The multilayer stack 30 further includes shield conductor sections 405, 406, and 407 as shown in FIG. 6. The shield conductor sections 405, 406, and 407 are connected to the ground. The resonator conductor section 401 and the shield conductor section 405 are different portions of a single conductor layer. The resonator conductor sections 402 and 403 and the shield conductor section 406 are different portions of another single conductor layer. The resonator conductor section 404 and the shield conductor section 407 are different portions of still another single conductor layer.

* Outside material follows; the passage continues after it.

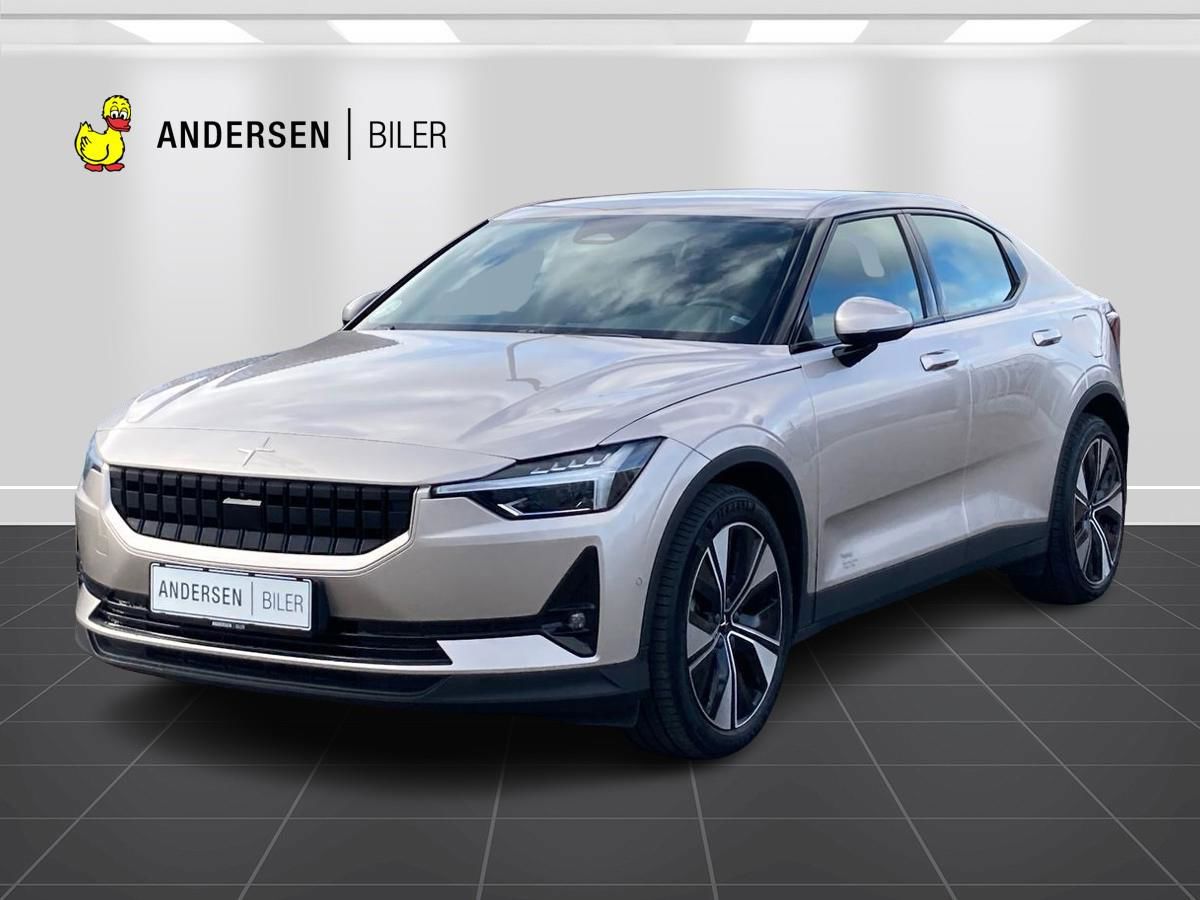 Billede af Polestar 2 EL Long range Single motor 231HK 5d Aut.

In FIG. 6, the boundary between the resonator conductor section 401 and the shield conductor section 405, the boundary between the resonator conductor section 402 and the shield conductor section 406, the boundary between the resonator conductor section 403 and the shield conductor section 406, and the boundary between the resonator conductor section 404 and the shield conductor section 407 are indicated by broken lines.
The resonator conductor section 401 and the resonator conductor section 404 are shaped to be long in the X direction. The resonator conductor section 402 and the resonator conductor section 403 are shaped to be long in the Y direction. Each of the resonator conductor sections 401, 402, 403, and 404 has a first end and a second end opposite to each other in the longitudinal direction. The first end of each of the resonator conductor sections 401, 402, 403, and 404 is open. The second end of the resonator conductor section 401 is connected to the shield conductor section 405, and thereby connected to the ground. The second end of each of the resonator conductor sections 402 and 403 is connected to the shield conductor section 406, and thereby connected to the ground. The second end of the resonator conductor section 404 is connected to the shield conductor section 407, and thereby connected to the ground.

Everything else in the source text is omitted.